▸ WORK INSTRUCTIONS
Repeat each entry word for word. Leave any images out of the copy.

▸ SUPPLIED RECORDS

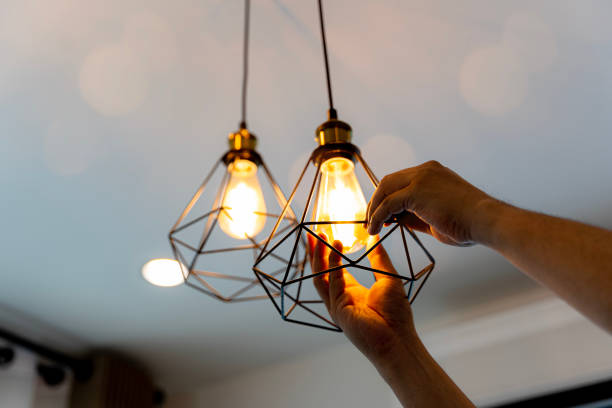 Best Electrical Installation Contractor  in , KS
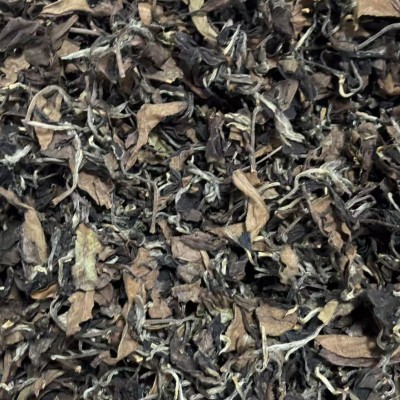 茶厂批发2018福鼎老白茶福建白茶寿眉贡眉自产自销支持一件代发 2斤图4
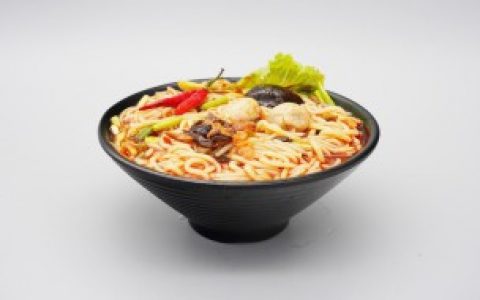 一份螺蛳粉的热量是多少大卡 一份螺蛳粉的热量多少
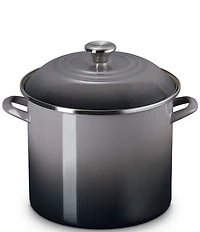 Le Creuset Enamel on Steel Classic Round Stockpot, 12 qt.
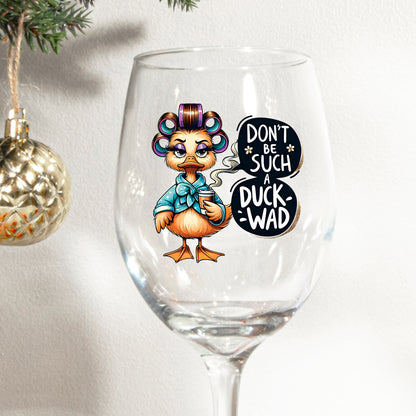 Duck Wad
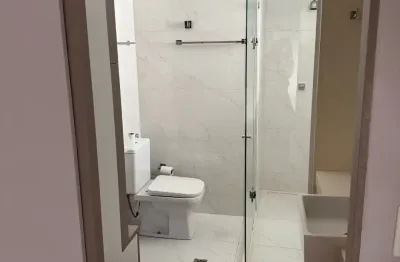 Apartamento completamente reformado na Rua dos Navegantes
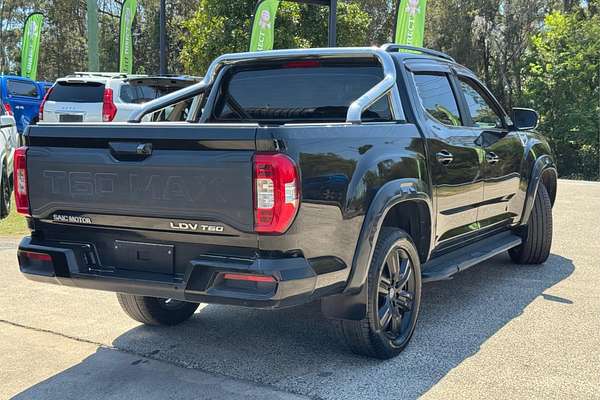 2023 LDV T60 Max LUXE SK8C 4X4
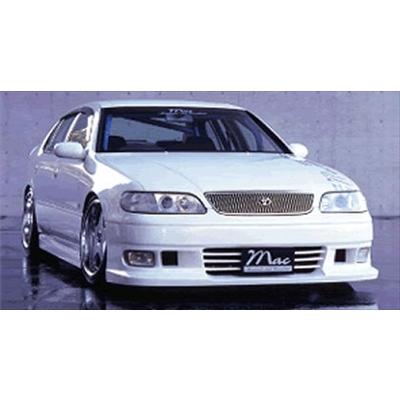 アリスト JZS147 FRONT BUMPER SPOILER : エアロ.カスタムパーツの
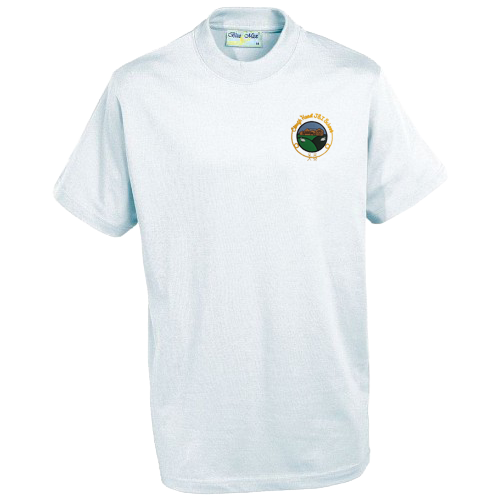 PE T-shirt CHJIS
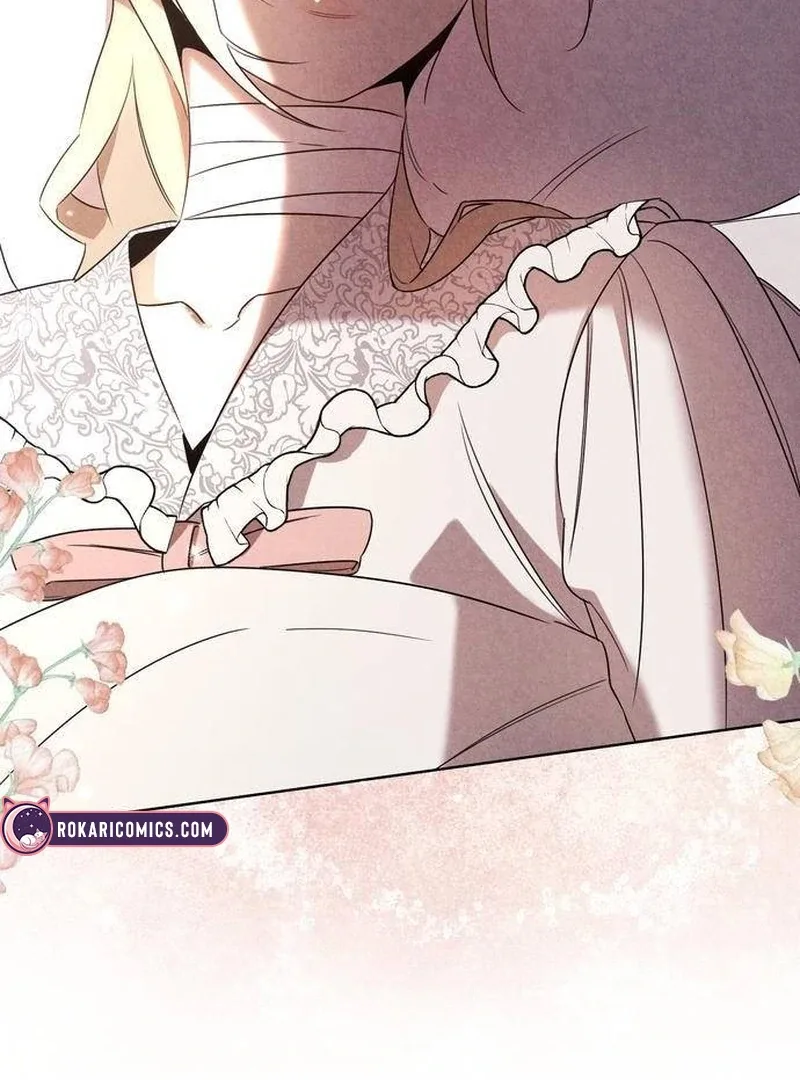 At the Place Where the Golden Rose Broke Chapter 22 page 75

▸ RESPONSE
 Best Electrical Installation Contractor  in , KS
 茶厂批发2018福鼎老白茶福建白茶寿眉贡眉自产自销支持一件代发 2斤图4
 一份螺蛳粉的热量是多少大卡 一份螺蛳粉的热量多少
 Le Creuset Enamel on Steel Classic Round Stockpot, 12 qt.
 Duck Wad
 Apartamento completamente reformado na Rua dos Navegantes
 2023 LDV T60 Max LUXE SK8C 4X4
 アリスト JZS147 FRONT BUMPER SPOILER : エアロ.カスタムパーツの
 PE T-shirt CHJIS
 At the Place Where the Golden Rose Broke Chapter 22 page 75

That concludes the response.